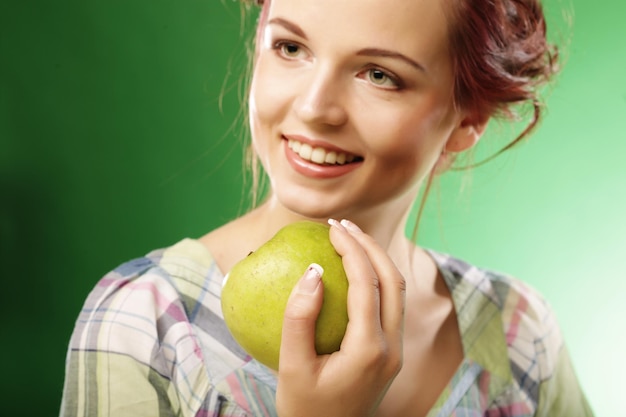 Mujer con manzana verde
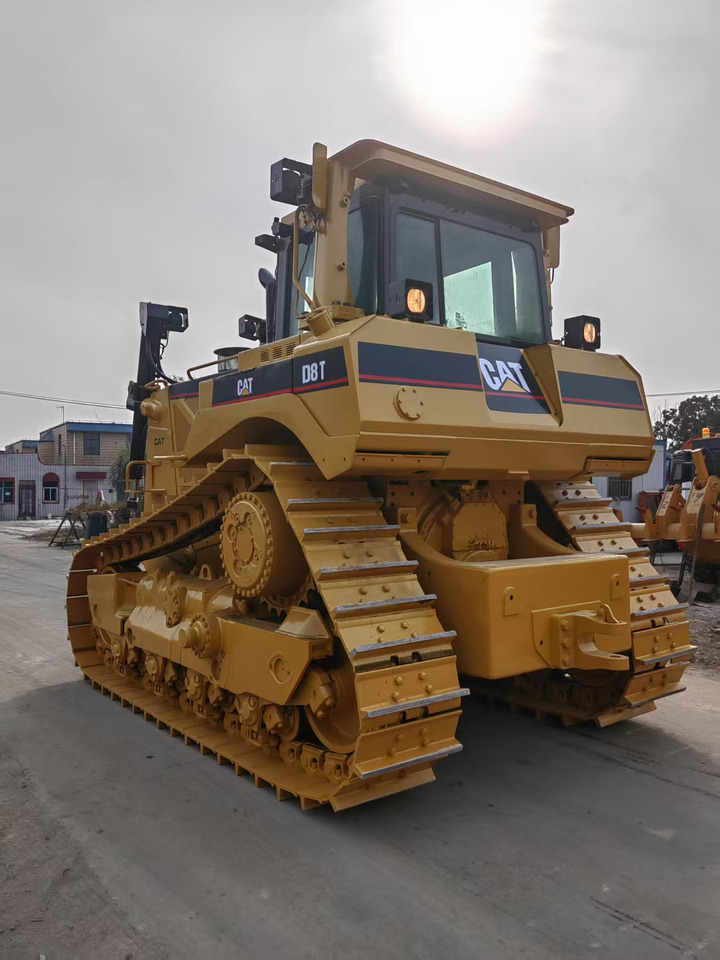 CATERPILLAR D8T - Buldózer: 5 kép. CATERPILLAR D8T - Buldózer: 5 kép.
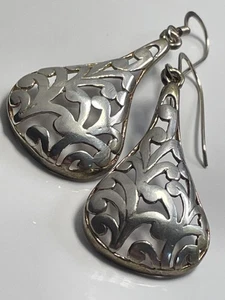 Vintage sterling silver '925' oval leaf filigree droplet dangly earrings 5.56g - Picture 1 of 18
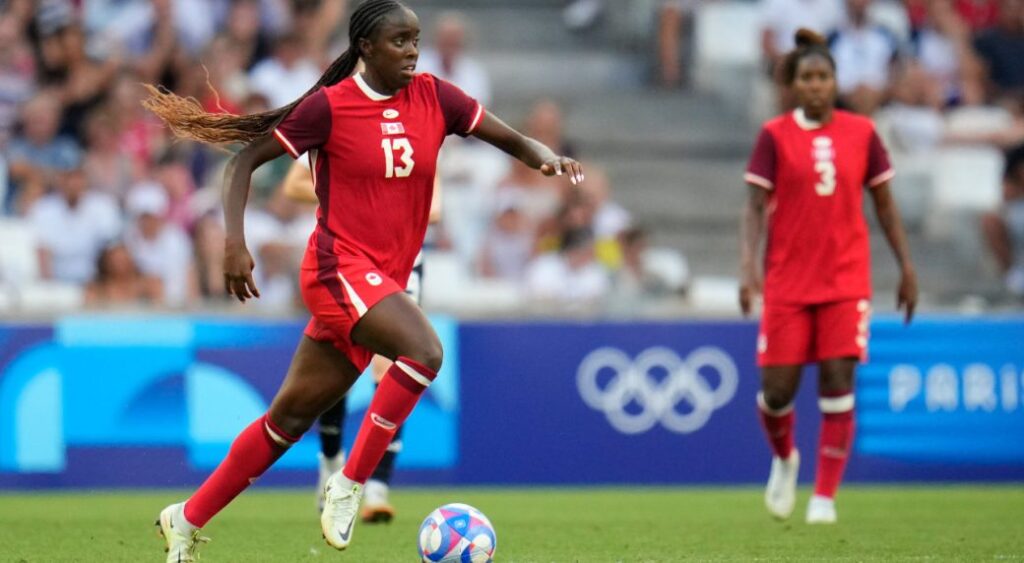 Canadian midfielder Simi Awujo leaves USC to turn pro with Manchester United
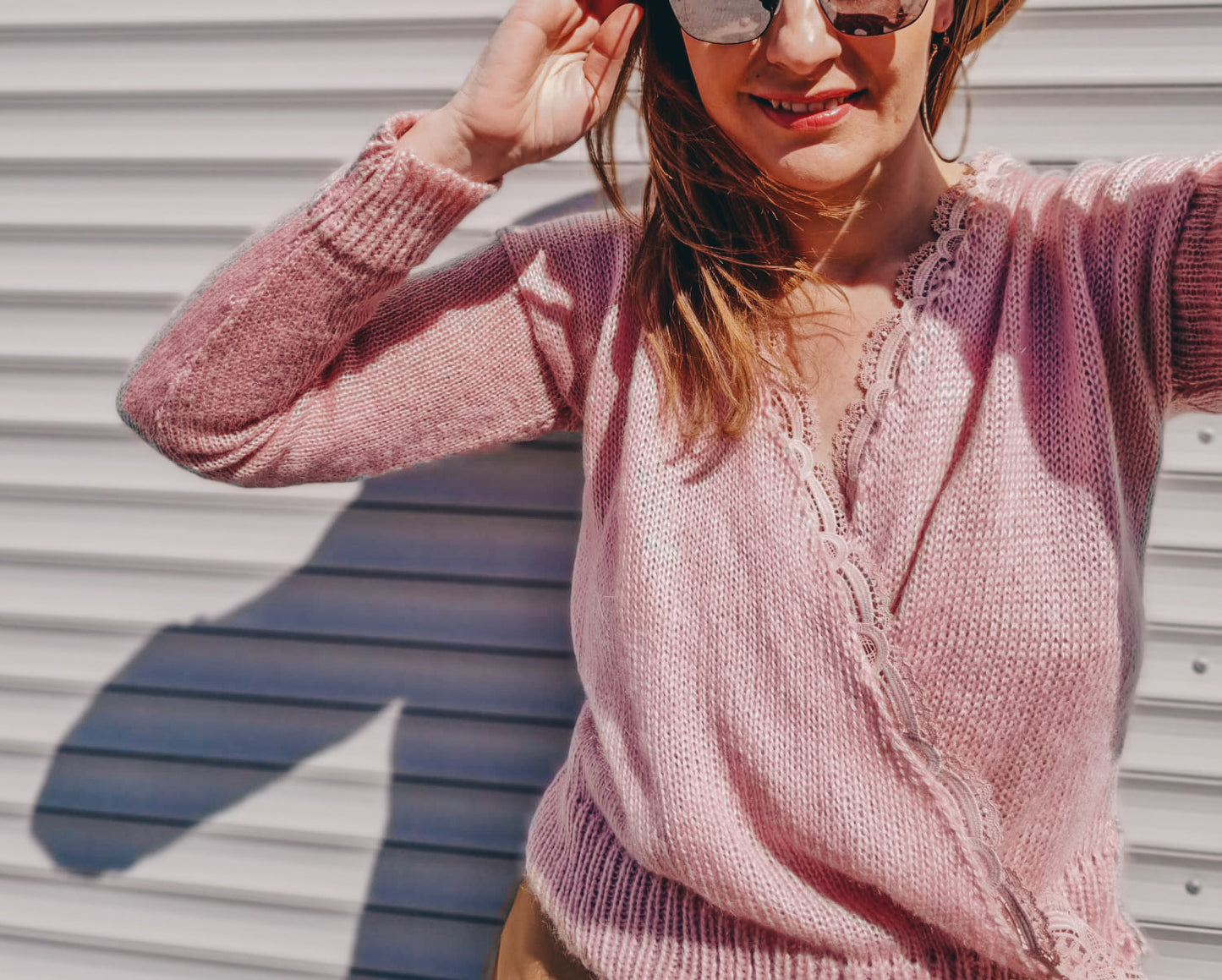 Džemperis ar  kokvilnas mežģīni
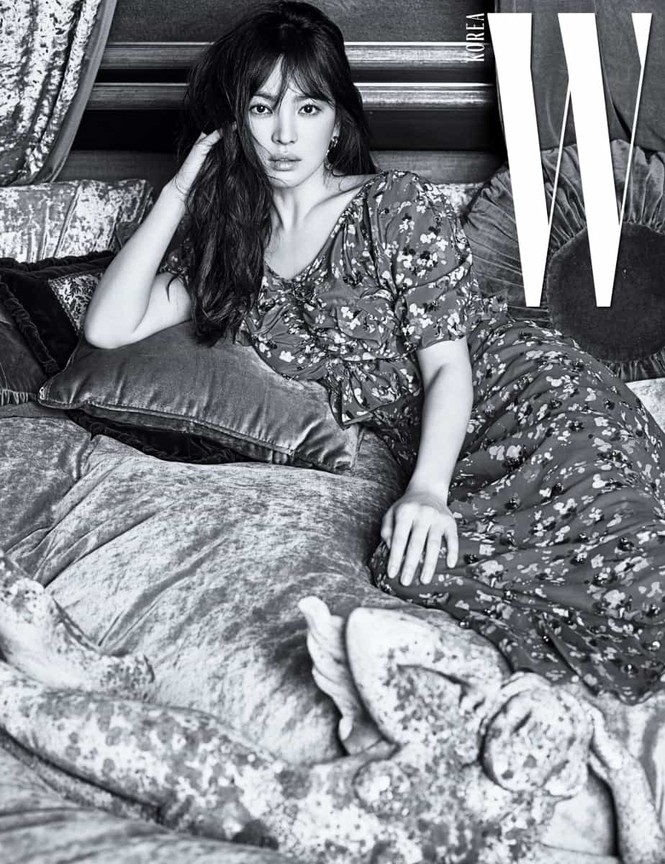 Song Hye Kyo yêu kiều xinh đẹp bên trai trẻ Yoo Ah In - ảnh 5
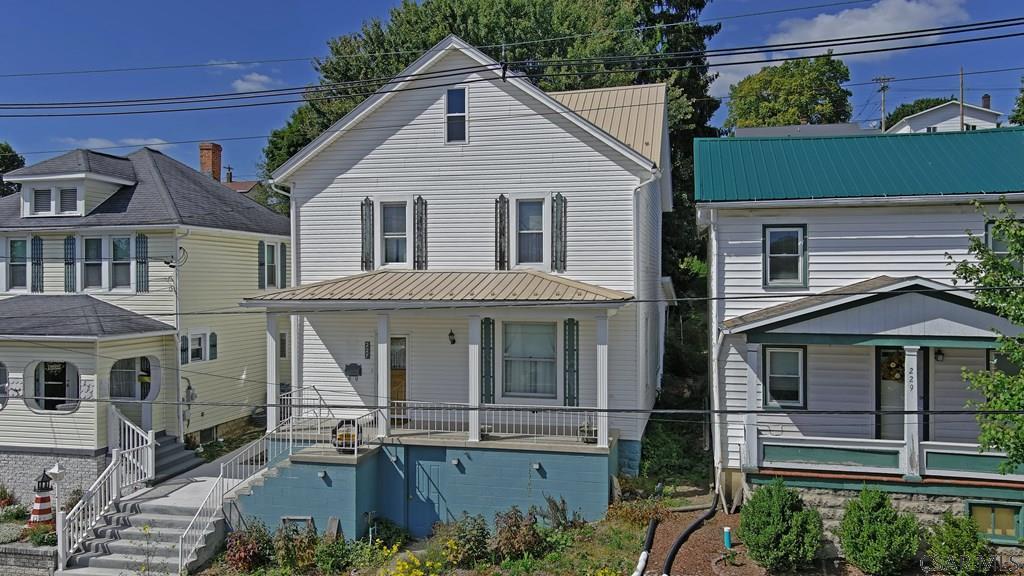 Broadway St, Meyersdale, PA 15552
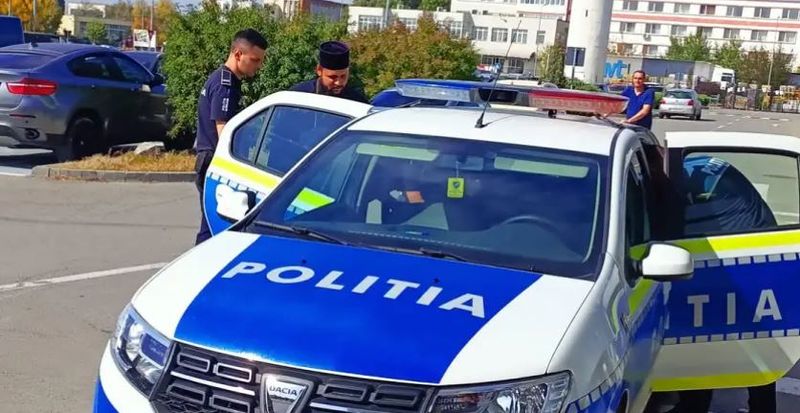 Bărbat îmbrăcat în preot, prins la furat în Craiova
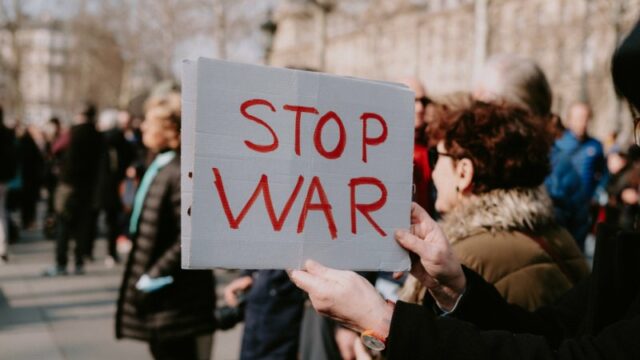 Cekricek.id – Buku The Art of War karya Sun Tzu tetap relevan sampao saat ini, karena pengarangnya mengakui konflik sebagai bagian universal dari kehidupan. Tidak Hanya berbicara tentang taktik pertempuran pada zamannya, dia juga berusaha untuk mengeksplorasi psikologi perang dan bagaimana kita dapat memanfaatkannya dengan bijak.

——

### [Exercise]
Using the entries above, extract exactly the lines from the one that contains "Broadway St, Meyersdale, PA 15552" through the one that contains "Bărbat îmbrăcat în". Do not carry over any pictures.

### [Task result]
 Broadway St, Meyersdale, PA 15552
 Bărbat îmbrăcat în preot, prins la furat în Craiova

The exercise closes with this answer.